Construction kept students away for a year. Now they're wandering new hallways at the old site of Gulfport Elementary.
By DONNA WINCHESTER
Published June 4, 2003
GULFPORT - They left the hallowed ground in tears more than a year ago, migrating 27 blocks east to take up temporary residence at another school.
They returned this week, grateful to be coming home to the site where generations of children have learned reading, writing and arithmetic.
Nearly 420 students returned to Gulfport Elementary Monday, eager to break in a building constructed where their old school used to stand at 2014 52nd St. S.
The school is one of three in the county where students attend on an extended 210-day year. Because of cutbacks, Gulfport students will go to school through June only, and will be on a regular 180-day schedule next year.
The first day at the new school began early for Mary Blinkhorn, 11, who awoke at 5 and was too excited to go back to sleep. She and her younger sister, Kathleen, who is 8, set out early with their mother, Jackie, to traverse the half-dozen blocks from their home to the school.
Several moms, including Jenny Perez, underestimated the time it would take to walk to school and arrived after classes had started. Perez walked the deserted hallways with 8-year-old Chloe and 9-year-old Kyle until another parent gave her directions.
Fran Paich and her sons Moggy and Bryce, both kindergarteners, also arrived late. Spellbound by their new surroundings, the kids got sidetracked looking for miniature frogs in the lush landscaping. They finally managed to find the right classroom with some help from a parent volunteer.
Once the school day began, it was business as usual. In Amy Seibert's class, Caroline Dunning, 6, showed her classmates photos of her family's weekend trip to Disney World. At lunch time, kids feasted on fried chicken and honey-wheat rolls. In Cheryl Copeland's music class, they sang "Kookaburra sits in the old gum tree" in three-part harmony.
Principal Lisa Grant, who was recently assigned to Gulfport from Maximo Elementary, spent the day visiting classrooms and introducing herself to the children. She welcomed them to their "new palace."
Construction supervisors also circulated throughout the day, inspecting what turned out to be a collaborative effort of the architect, the School Board and the city of Gulfport. Concerned that a cookie-cutter prototype would replace the charm and character of the 1920s-era edifice, alumni and Gulfport residents had asked if a portion of the school's Mediterranean style could be retained before the building was demolished last spring.
The contractor and the district agreed, substituting a red tile roof for the standard metal roof other elementary schools have. Decorative tiles and precast medallions were laid into the concrete and a decorative band was added to the building's upper perimeter. One of the school's two original arches was removed from the rest of the building and erected at the entrance of the new school.
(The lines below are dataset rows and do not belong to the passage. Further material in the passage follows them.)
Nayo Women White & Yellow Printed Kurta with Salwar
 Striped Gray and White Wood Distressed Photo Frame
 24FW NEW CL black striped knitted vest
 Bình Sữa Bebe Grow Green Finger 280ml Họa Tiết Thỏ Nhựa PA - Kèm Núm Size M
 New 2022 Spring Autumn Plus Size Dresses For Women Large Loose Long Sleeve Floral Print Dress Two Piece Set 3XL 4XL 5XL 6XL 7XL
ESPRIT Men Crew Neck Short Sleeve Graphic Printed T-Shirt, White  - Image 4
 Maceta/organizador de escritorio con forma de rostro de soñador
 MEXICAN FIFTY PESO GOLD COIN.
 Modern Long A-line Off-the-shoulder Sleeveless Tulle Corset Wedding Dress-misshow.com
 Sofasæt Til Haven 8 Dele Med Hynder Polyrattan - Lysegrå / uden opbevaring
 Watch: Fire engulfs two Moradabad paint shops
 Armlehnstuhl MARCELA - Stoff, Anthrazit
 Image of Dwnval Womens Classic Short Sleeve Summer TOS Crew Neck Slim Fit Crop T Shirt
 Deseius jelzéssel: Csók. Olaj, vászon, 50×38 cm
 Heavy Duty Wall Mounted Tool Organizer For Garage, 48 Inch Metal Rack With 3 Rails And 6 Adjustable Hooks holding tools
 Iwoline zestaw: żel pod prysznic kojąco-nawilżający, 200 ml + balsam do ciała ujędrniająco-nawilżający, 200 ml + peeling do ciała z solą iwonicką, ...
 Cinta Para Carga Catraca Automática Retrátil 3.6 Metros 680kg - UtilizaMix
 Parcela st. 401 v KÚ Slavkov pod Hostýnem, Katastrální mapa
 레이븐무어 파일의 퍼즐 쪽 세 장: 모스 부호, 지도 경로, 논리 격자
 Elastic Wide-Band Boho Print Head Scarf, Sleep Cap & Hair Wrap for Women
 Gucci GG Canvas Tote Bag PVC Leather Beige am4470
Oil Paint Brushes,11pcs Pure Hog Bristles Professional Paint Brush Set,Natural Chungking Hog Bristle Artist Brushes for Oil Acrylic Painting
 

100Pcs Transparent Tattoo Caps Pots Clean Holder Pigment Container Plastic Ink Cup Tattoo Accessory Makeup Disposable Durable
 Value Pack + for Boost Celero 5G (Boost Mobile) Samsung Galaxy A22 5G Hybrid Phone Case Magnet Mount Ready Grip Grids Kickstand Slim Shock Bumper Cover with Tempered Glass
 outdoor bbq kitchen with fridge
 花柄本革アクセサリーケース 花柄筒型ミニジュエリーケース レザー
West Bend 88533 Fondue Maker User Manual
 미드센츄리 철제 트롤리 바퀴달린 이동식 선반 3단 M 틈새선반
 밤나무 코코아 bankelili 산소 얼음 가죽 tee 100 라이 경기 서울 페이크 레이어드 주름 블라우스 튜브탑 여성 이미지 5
Special care was taken to preserve most of the property's two-dozen oaks.
Despite the extra work, the school was built in just under 13 months, project manager Brian Murphy said. There was pressure to finish quickly because a new group of students is coming in August to Sanderlin Elementary, the school the Gulfport children inhabited for the past year.
Sanderlin, which will offer a Primary Years International Baccalaureate program, was one of three St. Petersburg schools built as part of a court settlement to end busing for desegregation.
At the end of the day, as safety patrols took their places and parents began arriving by car and on foot to gather their children, Grant, the principal, sighed with relief.
"Considering the kids didn't know where their classrooms were, everything went really well," she said.